Guest Author - Carol Taller
Alice Paul was born on January 11, 1885 in Moorestown, NJ. She was best known as a leader for woman’s rights in America. Paul introduced the first equal rights amendment campaign in the United States and dedicated her life to securing equal rights for women.
Paul was born into a Quaker family from New Jersey and followed a traditional Quaker life, including the tradition that held woman and men as equals. Her father was a successful businessman and her mother was involved in the woman’s suffrage movement. Alice’s mother took her to many of the community’s meetings so Alice was introduced to the need for woman’s rights at a very early age.
She graduated from Swathmore College in 1905 and did graduate work at the New York School of Social Work. Between 1906 – 1909 she went to England where she continued her educational studies at the Universities of Birmingham and London, and assisted with the suffragist movement.
It was at this time that Paul's ideology and methods to achieve a desired goal began to change. She transformed from a traditional Quaker girl to a militant activist. She was arrested three separate times during her stay in England from her protests for the women's movement.
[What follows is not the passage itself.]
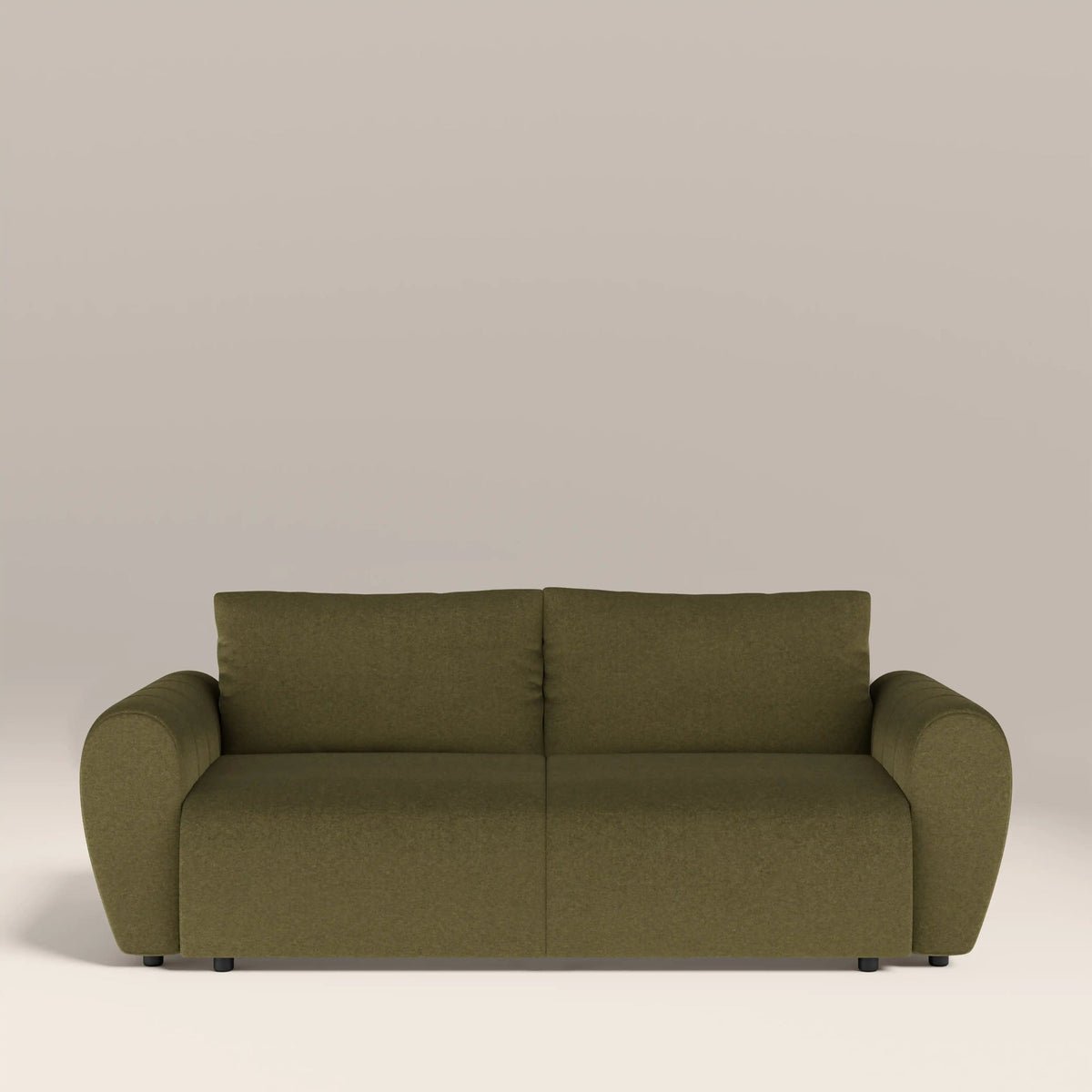 Zara 3 Seater Sofa Bed – Green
She continued her education and received her MA in 1907 and her PhD in 1912. At the same time, she continued to advocate for the woman’s suffrage amendment to the US Constitution. In 1913 she founded the Congressional Union for Woman Suffrage with other militants, and later that group merged with the Woman’s Party to form the National Woman’s Party.
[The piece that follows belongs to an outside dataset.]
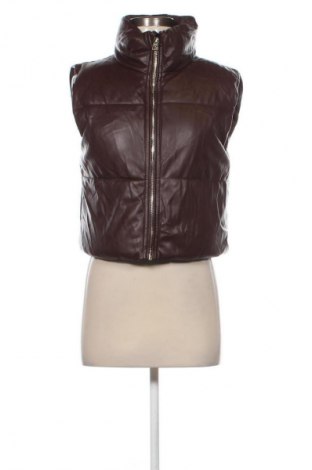 Vestă de femei Page One, Mărime M, Culoare Maro, Preț 79,99 Lei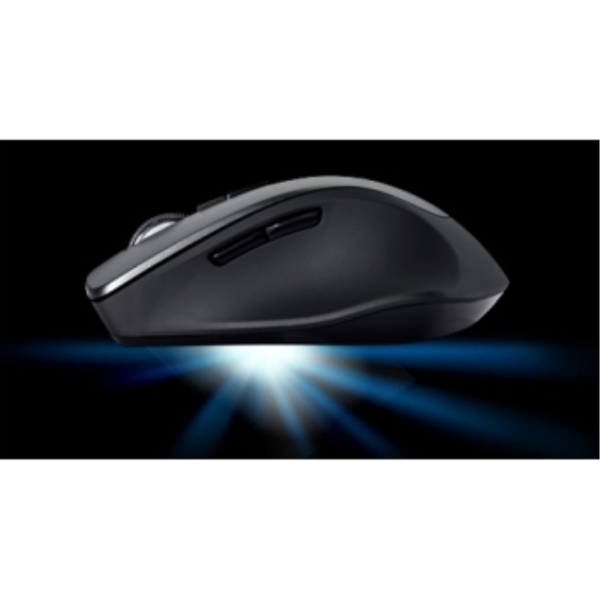  მაუსი Asus WT425, OPTICAL, WIRELESS, BLACK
Paul helped organized marches, protests and rallies in support of the 19th Amendment. The amendment was ratified on August 26, 1920 giving woman the right to vote. The battle for this amendment lasted 72 year old battle. Paul then continued her education and obtained a law degree from Washington College of Law and a Master’s and Doctorate from American University.
Her fight for woman’s rights continued as she drafted the first equal rights amendment to the Constitution. The draft was introduced in 1923, and was finally passed in 1972.
Paul died on July 9, 1977 in Moorestown, NJ.